● **Task goal**
In the entries that follow, copy exactly each line from the first through the line with "Herringbone SPC Flooring vs Chevron Flooring".

● **Records for the exercise**
* * *
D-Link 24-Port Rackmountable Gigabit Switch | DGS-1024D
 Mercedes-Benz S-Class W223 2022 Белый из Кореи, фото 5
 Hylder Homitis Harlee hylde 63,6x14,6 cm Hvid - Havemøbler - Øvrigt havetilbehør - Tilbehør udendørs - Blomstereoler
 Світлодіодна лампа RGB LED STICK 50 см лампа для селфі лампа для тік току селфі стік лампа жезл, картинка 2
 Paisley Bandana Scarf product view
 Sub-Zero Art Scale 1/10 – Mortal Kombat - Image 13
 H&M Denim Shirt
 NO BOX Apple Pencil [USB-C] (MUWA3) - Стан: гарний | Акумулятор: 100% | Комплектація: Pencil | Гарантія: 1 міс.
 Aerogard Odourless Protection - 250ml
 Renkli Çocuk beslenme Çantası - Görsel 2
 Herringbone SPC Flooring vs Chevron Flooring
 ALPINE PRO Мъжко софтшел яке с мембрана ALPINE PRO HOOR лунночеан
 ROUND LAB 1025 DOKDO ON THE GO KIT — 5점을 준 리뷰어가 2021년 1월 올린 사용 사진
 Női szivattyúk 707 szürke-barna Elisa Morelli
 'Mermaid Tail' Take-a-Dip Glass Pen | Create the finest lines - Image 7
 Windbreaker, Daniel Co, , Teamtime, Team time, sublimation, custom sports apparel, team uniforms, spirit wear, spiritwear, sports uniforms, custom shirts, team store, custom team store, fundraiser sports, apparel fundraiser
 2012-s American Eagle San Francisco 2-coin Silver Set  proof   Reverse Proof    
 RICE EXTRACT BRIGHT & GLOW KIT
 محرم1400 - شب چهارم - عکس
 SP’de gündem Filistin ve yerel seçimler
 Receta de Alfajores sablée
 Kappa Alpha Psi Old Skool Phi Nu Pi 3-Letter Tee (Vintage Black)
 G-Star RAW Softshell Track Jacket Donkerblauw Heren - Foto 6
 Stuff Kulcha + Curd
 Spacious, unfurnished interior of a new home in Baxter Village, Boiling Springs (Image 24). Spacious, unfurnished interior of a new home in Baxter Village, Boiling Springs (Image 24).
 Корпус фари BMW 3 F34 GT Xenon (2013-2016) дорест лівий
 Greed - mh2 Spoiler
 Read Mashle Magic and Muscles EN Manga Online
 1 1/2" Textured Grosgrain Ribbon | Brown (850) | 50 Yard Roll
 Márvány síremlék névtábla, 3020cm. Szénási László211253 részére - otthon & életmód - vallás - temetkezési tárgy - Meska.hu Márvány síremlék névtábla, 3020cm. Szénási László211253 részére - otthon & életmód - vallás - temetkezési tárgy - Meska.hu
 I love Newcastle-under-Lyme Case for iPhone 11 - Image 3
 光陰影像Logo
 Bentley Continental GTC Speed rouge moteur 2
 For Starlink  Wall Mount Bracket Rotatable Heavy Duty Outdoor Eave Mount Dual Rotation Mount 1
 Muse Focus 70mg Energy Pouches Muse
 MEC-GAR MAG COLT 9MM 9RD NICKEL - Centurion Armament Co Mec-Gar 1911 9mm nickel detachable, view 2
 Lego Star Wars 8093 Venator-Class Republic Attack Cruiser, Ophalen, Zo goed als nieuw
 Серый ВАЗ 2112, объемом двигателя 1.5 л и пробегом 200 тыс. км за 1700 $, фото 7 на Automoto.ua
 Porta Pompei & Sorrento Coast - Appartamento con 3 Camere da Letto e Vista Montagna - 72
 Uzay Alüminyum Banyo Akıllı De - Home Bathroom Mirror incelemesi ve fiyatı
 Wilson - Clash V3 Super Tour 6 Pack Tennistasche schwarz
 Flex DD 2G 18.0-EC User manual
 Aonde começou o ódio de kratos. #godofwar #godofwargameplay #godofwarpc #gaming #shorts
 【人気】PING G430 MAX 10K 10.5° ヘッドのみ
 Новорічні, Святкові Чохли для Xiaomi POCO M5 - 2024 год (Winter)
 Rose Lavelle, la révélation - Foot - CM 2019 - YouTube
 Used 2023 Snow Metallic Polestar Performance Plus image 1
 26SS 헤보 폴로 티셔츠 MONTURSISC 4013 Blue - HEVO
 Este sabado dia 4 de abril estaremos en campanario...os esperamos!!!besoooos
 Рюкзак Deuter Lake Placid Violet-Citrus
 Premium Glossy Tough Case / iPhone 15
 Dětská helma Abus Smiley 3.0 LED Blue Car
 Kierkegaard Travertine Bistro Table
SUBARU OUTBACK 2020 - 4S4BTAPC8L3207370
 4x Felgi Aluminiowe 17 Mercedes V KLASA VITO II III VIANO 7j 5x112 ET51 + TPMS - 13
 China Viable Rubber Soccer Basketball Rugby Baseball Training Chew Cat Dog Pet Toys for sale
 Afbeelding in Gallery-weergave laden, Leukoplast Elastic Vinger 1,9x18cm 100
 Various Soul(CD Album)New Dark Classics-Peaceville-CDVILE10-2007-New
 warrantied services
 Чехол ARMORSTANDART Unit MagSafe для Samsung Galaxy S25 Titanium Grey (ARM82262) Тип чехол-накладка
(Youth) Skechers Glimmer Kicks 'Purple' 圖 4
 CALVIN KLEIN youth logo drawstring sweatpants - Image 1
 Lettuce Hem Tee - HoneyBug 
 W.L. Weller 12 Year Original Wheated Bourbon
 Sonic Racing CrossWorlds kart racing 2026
* * *
● **Output of the task**
D-Link 24-Port Rackmountable Gigabit Switch | DGS-1024D
 Mercedes-Benz S-Class W223 2022 Белый из Кореи, фото 5
 Hylder Homitis Harlee hylde 63,6x14,6 cm Hvid - Havemøbler - Øvrigt havetilbehør - Tilbehør udendørs - Blomstereoler
 Світлодіодна лампа RGB LED STICK 50 см лампа для селфі лампа для тік току селфі стік лампа жезл, картинка 2
 Paisley Bandana Scarf product view
 Sub-Zero Art Scale 1/10 – Mortal Kombat - Image 13
 H&M Denim Shirt
 NO BOX Apple Pencil [USB-C] (MUWA3) - Стан: гарний | Акумулятор: 100% | Комплектація: Pencil | Гарантія: 1 міс.
 Aerogard Odourless Protection - 250ml
 Renkli Çocuk beslenme Çantası - Görsel 2
 Herringbone SPC Flooring vs Chevron Flooring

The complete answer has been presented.